● Your assignment: Going from the top of the listing below to the line that holds "Hi everyone! Welcome", reproduce each line exactly; no pictures.

-- Collected material follows --

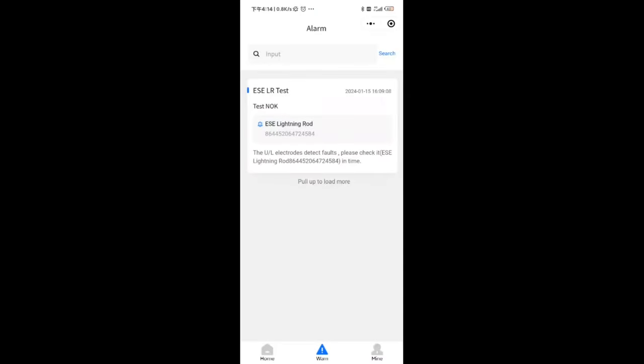The system has preset normal alarm reminders for devices, including low battery, ESE lightning rod test, and lightning discharge. When a corresponding event occurs on the device, the system will push an alarm message to your account. You can view detailed information on the alarm page.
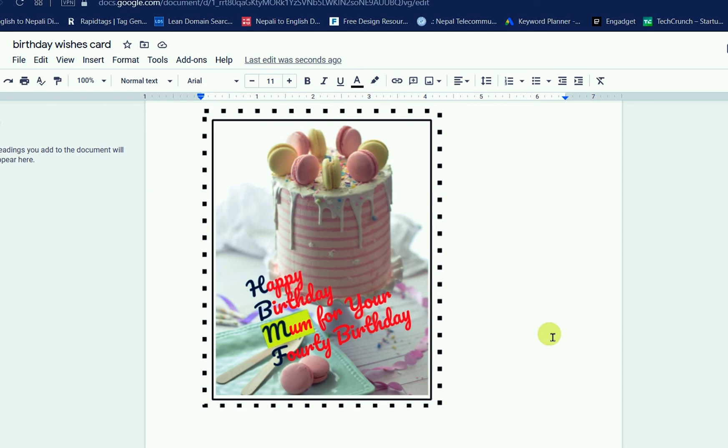Hoping that you got some ideas to create a birthday wishes card in Google Docs. If you have any confusion or want more tutorials about Google Docs, subscribe to my YouTube channel. I am going to make a video series on Google Docs, Google Sheets, and Google Slides. If you found quality content, please give a like. I'll come back with another new video — goodbye, see you again.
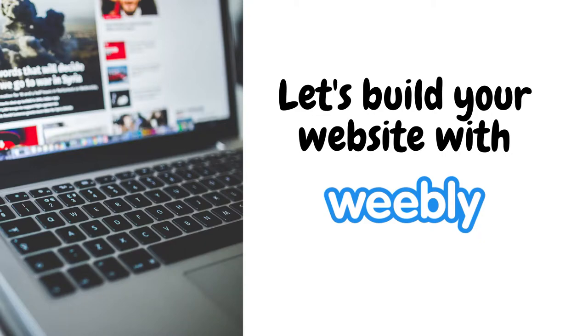Hi everyone! Welcome back to Conversion Chef YouTube channel. In this video, we will be talking about Weebly.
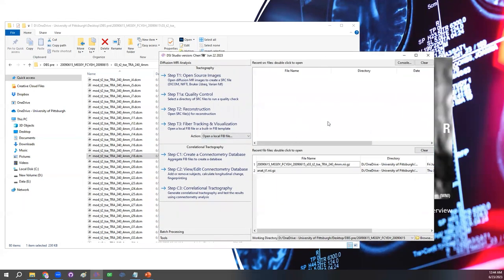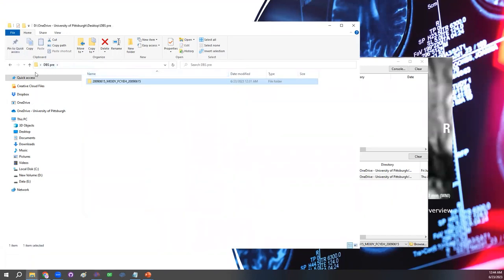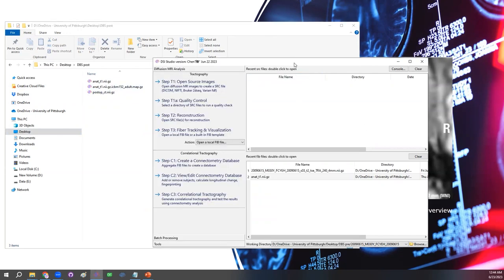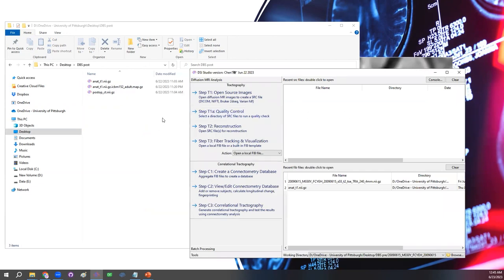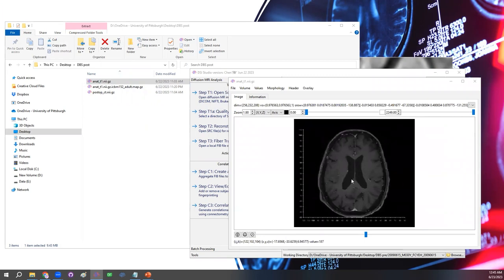Those are the simple steps to load any structural image modality — T1 or T2 — register it in DSS Studio, load built-in atlases, and output to DICOM. The next step is: what if we have already done the DBS procedure and would like to see how things look in terms of electrode placement and nearby regions? The data I'm going to use here was provided from National Taiwan University Hospital.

-- Collected material concluded --

● Response to the exercise:
The system has preset normal alarm reminders for devices, including low battery, ESE lightning rod test, and lightning discharge. When a corresponding event occurs on the device, the system will push an alarm message to your account. You can view detailed information on the alarm page.
Hoping that you got some ideas to create a birthday wishes card in Google Docs. If you have any confusion or want more tutorials about Google Docs, subscribe to my YouTube channel. I am going to make a video series on Google Docs, Google Sheets, and Google Slides. If you found quality content, please give a like. I'll come back with another new video — goodbye, see you again.
Hi everyone! Welcome back to Conversion Chef YouTube channel. In this video, we will be talking about Weebly.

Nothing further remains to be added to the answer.